PreProcess#

class ingredient_parser.preprocess.PreProcessor(input_sentence: str, defer_pos_tagging: bool = False, show_debug_output: bool = False)[source]#

Recipe ingredient sentence PreProcessor class.

Performs the necessary preprocessing on a sentence to generate the features required for the ingredient parser model.

Each input sentence goes through a cleaning process to tidy up the input into a standardised form.

Notes

The cleaning steps are as follows

  1. Replace all en-dashes and em-dashes with hyphens.
  2. Replace numbers given as words with the numeric equivalent.
    e.g. one >> 1
  3. Replace fractions given in html markup with the unicode representation.
    e.g. ½ >> ½
  4. Replace unicode fractions with the equivalent decimal form. Decimals are
    rounded to a maximum of 3 decimal places.
    e.g. ½ >> 0.5
  5. Replace “fake” fractions represented by 1/2, 2/3 etc. with the equivalent
    decimal form
    e.g. 1/2 >> 0.5
  6. A space is enforced between quantities and units
  7. Remove trailing periods from units
    e.g. tsp. >> tsp
  8. Numeric ranges indicated in words using “to” or “or” are replaced with a
    standard numeric form
    e.g. 1 or 2 >> 1-2; 10 to 12 >> 10-12
  9. Units are made singular. This step uses a predefined list of plural units and
    their singular form.

Following the cleaning of the input sentence, it is tokenized into a list of tokens.

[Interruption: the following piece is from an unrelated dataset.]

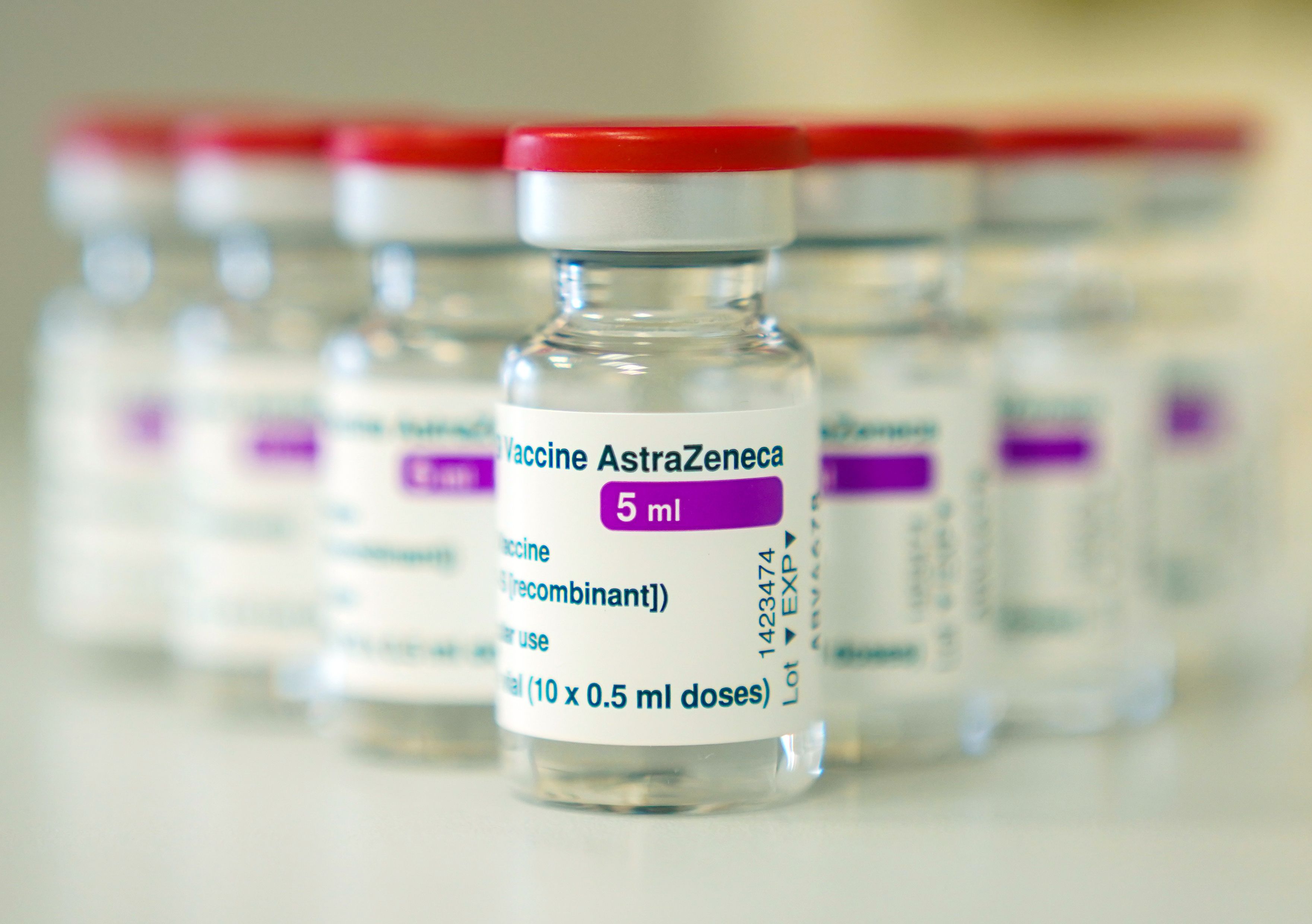 Auf einem Tisch in einer Hausarztpraxis stehen Ampullen mit dem Covid-19 Impfstoff des schwedisch-britischen Pharmakonzerns AstraZeneca.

Each token is one of the following

  • A word, including most punctuation marks

  • Opening or closing parentheses, braces, brackets; comma; speech marks

The features for each token are computed on demand using the sentence_features method, which returns a list of dictionaries. Each dictionary is the feature set for each token.

The sentence features can then be passed to the CRF model which will generate the parsed output.

Parameters:
  • input_sentence (str) – Input ingredient sentence.

  • defer_pos_tagging (bool) – Defer part of speech tagging until feature generation. Part of speech tagging is an expensive operation and it’s not always needed when using this class.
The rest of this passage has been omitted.